Higher Longitudinal Milk Intakes Are Associated with Increased Height in a Birth Cohort Followed for 17 Years. Marshall TA, Curtis AM, Cavanaugh JE, Warren JJ, Levy SM. J Nutr. 2018 Jul 1;148(7):1144-1149.
- Height is an indicator of nutritional status; linear growth faltering has recognized consequences for cognitive, emotional, and chronic disease risk. Although height is routinely studied in developing countries, less attention is given to height in the United States.
- The objective of this study was to identify longitudinal associations between childhood and adolescent beverage intakes, nutrient adequacy, or energy intake and height in a birth cohort.
- Data for participants through ages 2-17 y (n = 717; 353 males, 364 females) recruited at birth were used in the current cohort analyses.
- Milk intake adjusted for mean adequacy ratio, energy intake, and baseline socioeconomic status was associated with height; for each additional 8 ounces (236 mL) of milk consumed per day throughout childhood and adolescence, height increased, on average, by 0.39 cm .
- Participants’ height increased by 0.39 cm for each additional 8 ounces (236 mL) of milk consumed throughout childhood and adolescence. The clinical implications of the mild linear growth faltering observed in healthy youth are unknown.
Effect of gender on the acute effects of whey protein ingestion on energy intake, appetite, gastric emptying and gut hormone responses in healthy young adults. Giezenaar C, Luscombe-Marsh ND, Hutchison AT, Lange K, Hausken T, Jones KL, Horowitz M, Chapman I, Soenen S. Nutr Diabetes. 2018 Jul 13;8(1):40.
- Protein supplements, usually drinks rich in whey protein, are used widely for weight loss purposes in overweight adults. Information comparing the effects of whey protein on appetite and energy intake in men and women is limited.
- The objective of this study was to compare the acute effects of whey-protein intake on energy intake, appetite, gastric emptying and gut hormones in healthy young men and women.
- 8 healthy young men and women ingested 30 g (120 kcal) or 70 g (280 kcal) whey protein, or a flavored-water control drink (~2 kcal).
- There was a protein-load effect on gastric emptying, blood glucose, plasma insulin, glucagon, ghrelin, CCK, GIP and GLP-1 concentrations, and perceptions of hunger, desire to eat and prospective food consumption. Ad libitum energy intake and hunger were suppressed more by whey-protein ingestion in men than women.

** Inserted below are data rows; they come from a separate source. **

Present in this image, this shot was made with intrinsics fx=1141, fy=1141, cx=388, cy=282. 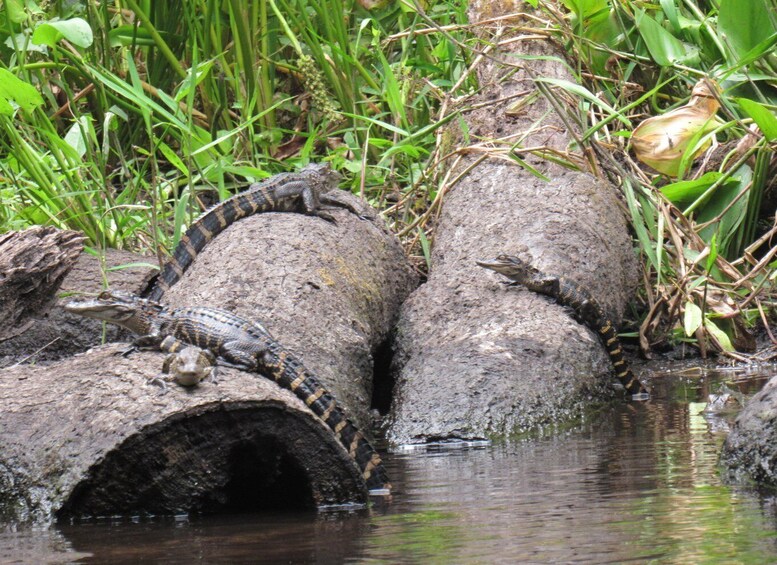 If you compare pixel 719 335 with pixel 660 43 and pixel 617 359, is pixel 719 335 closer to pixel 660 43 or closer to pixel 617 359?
pixel 617 359

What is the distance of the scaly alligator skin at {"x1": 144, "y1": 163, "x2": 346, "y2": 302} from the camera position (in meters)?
6.25

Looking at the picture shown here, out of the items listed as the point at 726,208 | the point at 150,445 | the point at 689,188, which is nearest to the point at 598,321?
the point at 689,188

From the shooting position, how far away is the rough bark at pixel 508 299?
5.07 m

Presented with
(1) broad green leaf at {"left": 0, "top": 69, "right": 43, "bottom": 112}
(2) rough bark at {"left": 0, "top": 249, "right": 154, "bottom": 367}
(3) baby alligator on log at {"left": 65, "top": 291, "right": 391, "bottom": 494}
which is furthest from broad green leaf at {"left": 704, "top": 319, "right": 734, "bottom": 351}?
(1) broad green leaf at {"left": 0, "top": 69, "right": 43, "bottom": 112}

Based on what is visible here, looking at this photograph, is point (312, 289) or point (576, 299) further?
point (576, 299)

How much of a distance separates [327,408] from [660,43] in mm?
4405

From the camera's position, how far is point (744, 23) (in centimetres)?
700

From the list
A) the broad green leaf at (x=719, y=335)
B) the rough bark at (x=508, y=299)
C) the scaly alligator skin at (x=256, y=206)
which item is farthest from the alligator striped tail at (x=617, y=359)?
the scaly alligator skin at (x=256, y=206)

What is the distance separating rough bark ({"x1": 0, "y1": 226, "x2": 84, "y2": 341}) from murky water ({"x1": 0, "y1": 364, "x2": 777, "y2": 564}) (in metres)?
1.92

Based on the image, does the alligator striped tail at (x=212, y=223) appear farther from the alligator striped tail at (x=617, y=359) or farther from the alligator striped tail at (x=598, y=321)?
the alligator striped tail at (x=617, y=359)

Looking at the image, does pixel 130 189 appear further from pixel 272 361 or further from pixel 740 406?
pixel 740 406

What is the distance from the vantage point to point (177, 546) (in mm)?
3094

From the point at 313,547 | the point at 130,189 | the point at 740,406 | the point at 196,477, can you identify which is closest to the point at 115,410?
the point at 196,477

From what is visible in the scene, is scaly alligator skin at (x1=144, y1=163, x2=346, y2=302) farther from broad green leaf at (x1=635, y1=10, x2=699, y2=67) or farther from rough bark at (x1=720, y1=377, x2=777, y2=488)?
rough bark at (x1=720, y1=377, x2=777, y2=488) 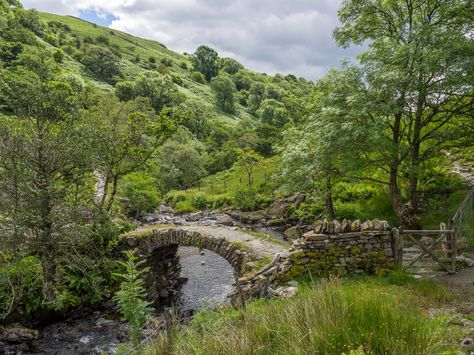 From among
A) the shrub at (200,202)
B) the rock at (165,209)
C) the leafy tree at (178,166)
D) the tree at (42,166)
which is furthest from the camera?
the leafy tree at (178,166)

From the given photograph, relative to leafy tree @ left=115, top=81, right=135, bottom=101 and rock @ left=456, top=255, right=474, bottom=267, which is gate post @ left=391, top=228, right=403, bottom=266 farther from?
leafy tree @ left=115, top=81, right=135, bottom=101

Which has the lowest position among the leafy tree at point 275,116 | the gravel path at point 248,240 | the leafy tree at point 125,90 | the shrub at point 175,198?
the shrub at point 175,198

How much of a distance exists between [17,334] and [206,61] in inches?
6624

- There was no difference in suppression of energy intake between the 30 and 70 g protein loads. Consequently, total energy intake (protein drink plus buffet meal) increased more compared to control in women than men. The drinks emptied more slowly, and plasma glucagon, CCK and GLP-1 increased less after the protein drinks, in women than men.
- The acute effects of whey protein ingestion on appetite, energy intake, gastric emptying and gut hormone responses are influenced by gender in healthy young adults.